Often criticised - rightly - for crude pro-Labour politicking, the series nevertheless managed to examine serious issues such as what happens when tenant farmers go in to debt, how do conservative congregations feel about lady vicars, coping with dementia, planning applications and other personal things such as teenagers taking up with dopey boyfriends or rivalries over pie-making.
They had to use the dramatic convention that people kept talking to each other long after real-world people would have said "That's it, I'm never speaking to you again" and somebody would probably have strangled Linda Snell by now, but you have to give radio dramatists a break; if they don't have people talking they haven't got a show at all.

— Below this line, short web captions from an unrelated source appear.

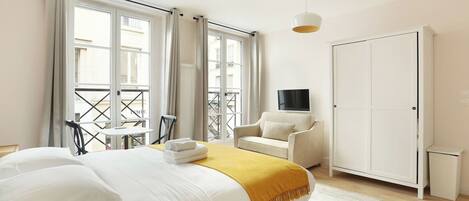 Desk, iron/ironing board, travel cot, bed sheets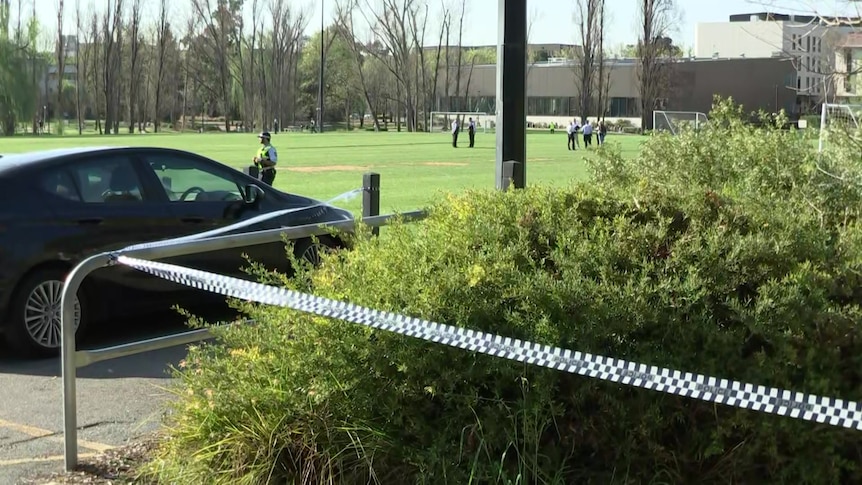 A car parked next to a football pitch. Police tape is stretched across part of the area. Several police are on the pitch.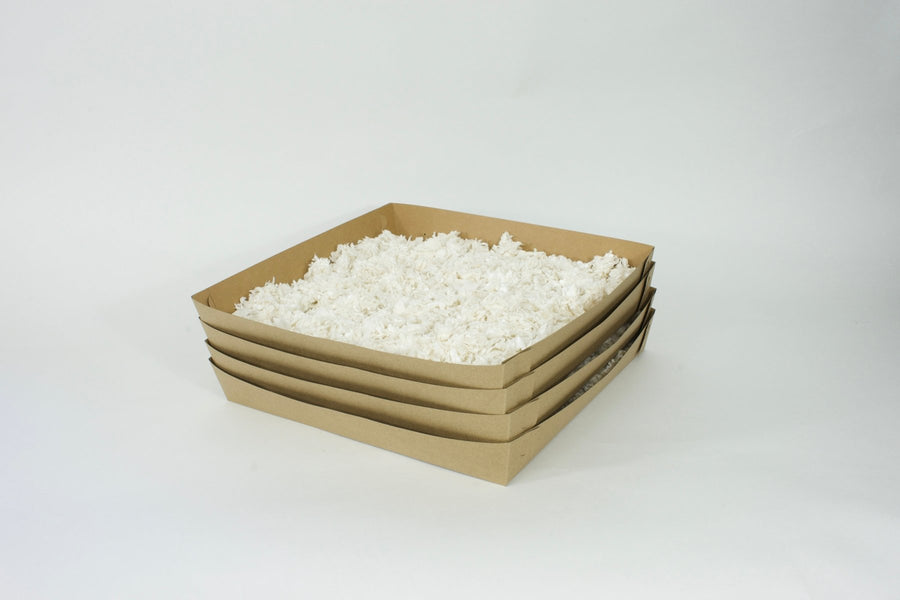 Guinea Colony Pre - Filled Disposable Kitchen Liner Refills with Paper Bedding (4 - Pack) - Critter Colony Club - Stack of kitchen liners filled with white paper bedding. Perfect for guinea pig cleaning of a kitchen in a guinea pig cage.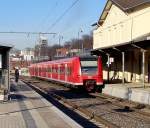 425 058/558 bei der Ausfahrt von Herzogenrath als 11072 an einem sonnigen Wochentag im Februar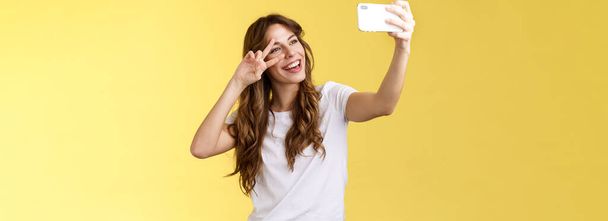 Fröhlich charismatisch gut aussehende gelockte Frau weißes T-Shirt zeigen Friedenssiegerzeichen lächelnd breit posierend zärtlich freundlich Gesichtsausdruck Smartphone-Frontkamera Selfie gelb Hintergrund - Foto, Bild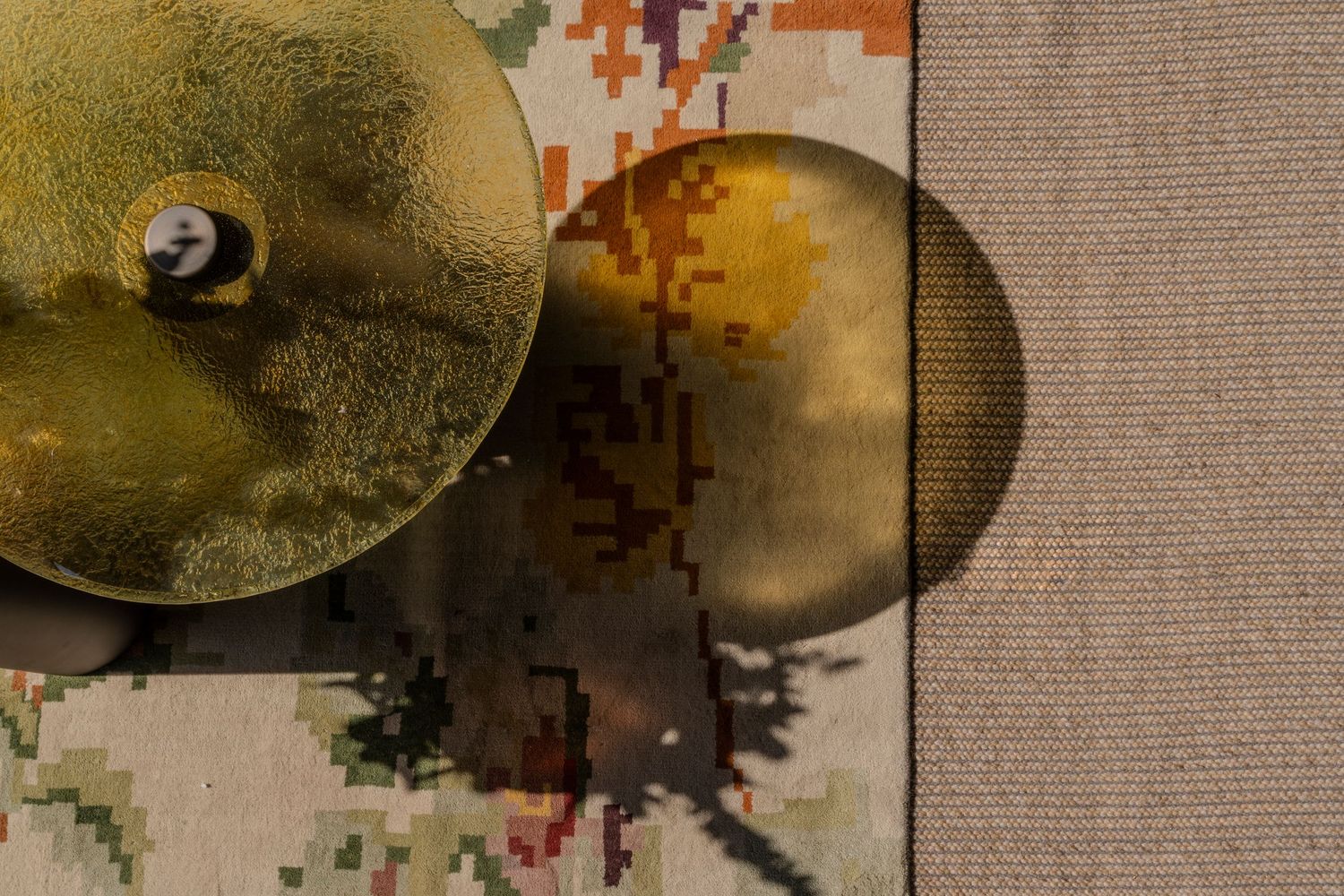 Overhead view of brass decorative objects casting shadows on colorful geometric patterned rug.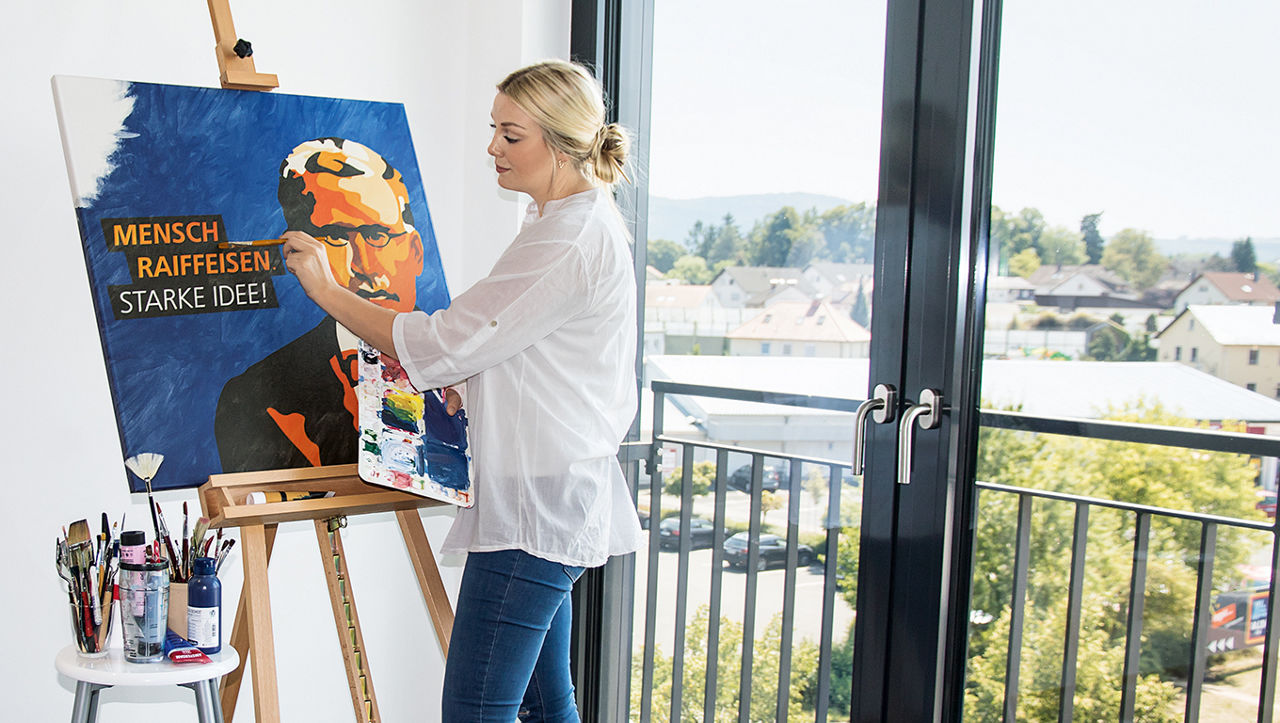 Eine Frau steht vor einer Staffelei und mal ein Bild von Friedrich Wilhelm Raiffeisen in orange und blau.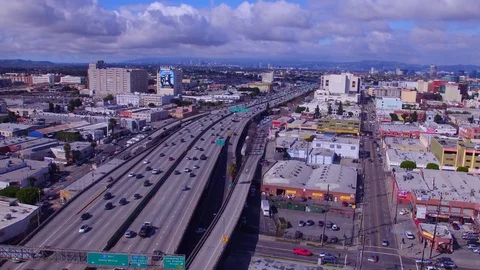 4K UHD right to left drone tracking shot of down town Los Angeles freeway Stock Footage 72312408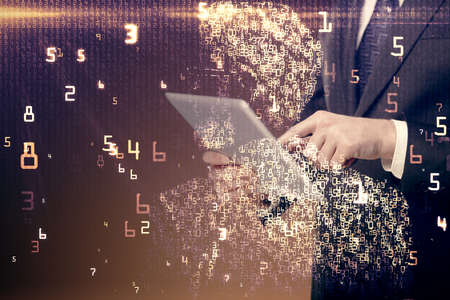 Double exposure of man's hands holding and using a digital device and tech theme hologram drawing....
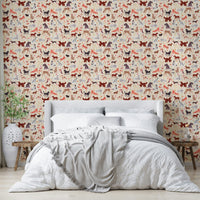 Happy Hounds Dog Doodles wallpaper of red and purple dogs behind a white headboard bed with a grey throw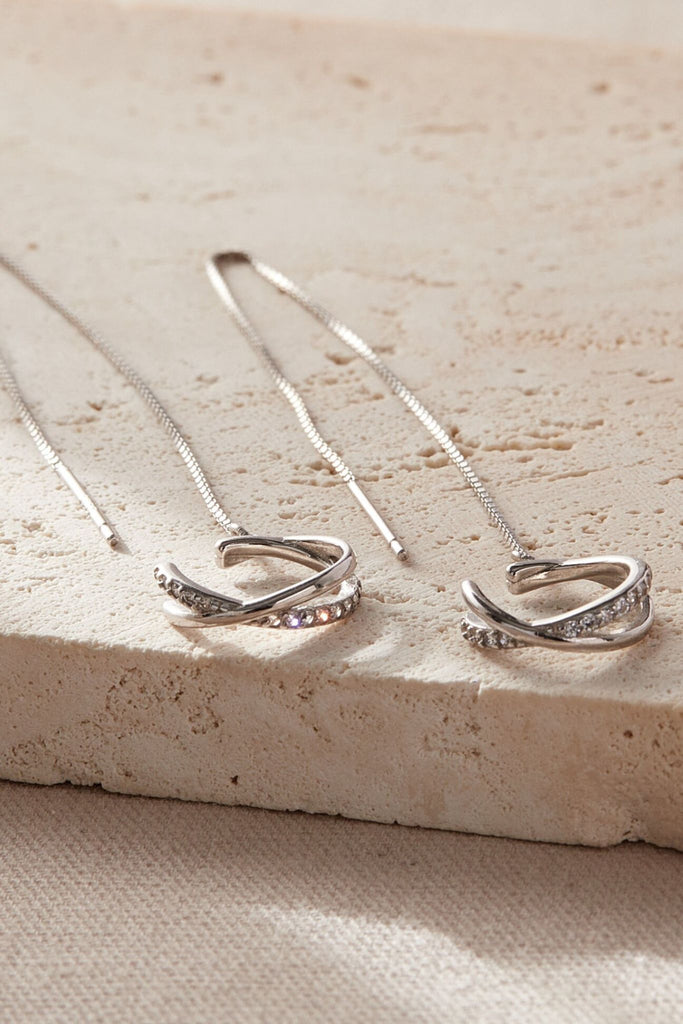 showing a close up of one pair of these silver and cz sparkly cuff chain earrings,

When long-time inhabitant Phil Archer died, it was because his actor, Norman Painting, died. Many people felt that they were listening to the end of an era in the fictional funeral because his voice had been a welcome presence in their lives. Painting was lucky; perhaps because he was no political threat, he was allowed to live out his radio life as Phil Archer to the conclusion which many people reach where they die of natural causes after a long, blameless life and are loved by their friends and family. It does happen.
Inconveniently for Vanessa Whitburn, the producer, Painting died in late 2009 and so Phil Archer had to depart four months later in February 2010. Ideally, he should have gone in to deep-freeze and been given a ceremonial cremation on Lakey Hill for the 60th anniversary, and hang the rules about open-air incineration. It would have been a controversial story line because it involves conspiratorial villagers, a conflict of laws and opinion, and a possible prosecution of Jill Archer. The cremation could have been disguised as a New Year's bonfire party with the vicar dithering over whether this was or was not in accordance with Phil's Christian beliefs. A defiant Jill could have been arrested and carted off to Borchester nick, with an unaware-Usha suddenly finding herself defending both Jill and her own husband.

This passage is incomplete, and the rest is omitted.